8. Cannot get air pressure switch to make and hold air pressure light on, what steps should I take?

The air pressure switch receives power on one side of terminal once fan contactor is energized and fan is running. The dryer must be full of grain to create required air pressure to satisfy switch.

  • If light is not ON and fan is running, check to make sure that adjustment on switch is all that might be needed to energize air pressure light.
  • If adjustment is not enough to energize switch, then check air pressure light by jumping terminal at air pressure switch. If light does not come on check wiring to switch and to light. Does light work when energized?
  • Disconnect wires from switch and unscrew switch from tube. While fan is running can you feel air from chamber coming out of tube port? If not clean out tube and/or clean off filter inside chamber on opposite end of tube.
  • If air is feeding into switch and air pressure switch is not making and one side of terminal is 120 volts, then make sure opening on switch has plug with small orifice to create low pressure side. Make sure nothing is internally wrong with diaphragm. Make sure diaphragm is not frozen solid. Replace air pressure switch.

9. Leak in plumbing train, what do I do?

  • If leak is developed in flex hose it cannot be repaired and must be replaced immediately. Do not attempt to run with any leak in hose.
  • If gas leak occurs then we need to tighten fitting or replace fittings to seal properly.
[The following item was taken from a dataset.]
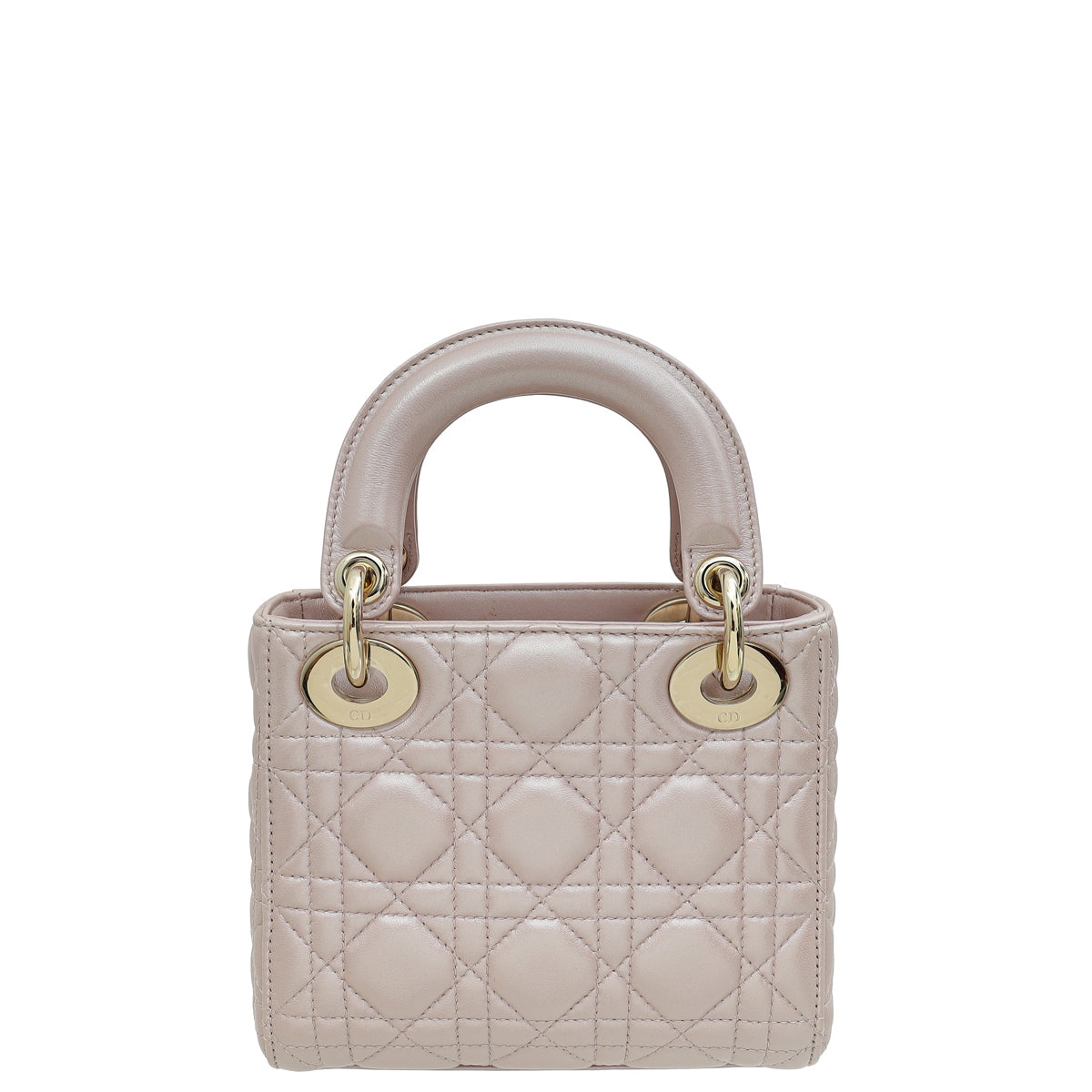 Christian Dior Metallic Pearly Pink Cannage Mini Chain Lady Dior Bag-Christian Dior-THE CLOSET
All the plumbing assembled and installed at MC is done with Teflon tape and non-hardening Teflon paste.

10. What can I do about small buckling in screens in 10ft tower dryers?
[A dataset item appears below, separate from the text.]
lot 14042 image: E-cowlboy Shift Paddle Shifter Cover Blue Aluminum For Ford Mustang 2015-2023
  • The screen that buckles creates a small gap between the screen and the channel ring. This normally develops because the screen material has shifted and hardware is bound end of hole or slot in screen and channel ring. Grain can leak through opening which makes this a functional and appearance issue.
  • The proper tool required is a ratchet wrench, nothing battery or electric powered. Loosen the nuts on the ring channel where the buckle or indentation is. Do not remove nut from bolt. Loosen hardware on both sides of buckle. The hardware once loose will allow screen to shift and take normal shape back, hardware can then be re-tightened.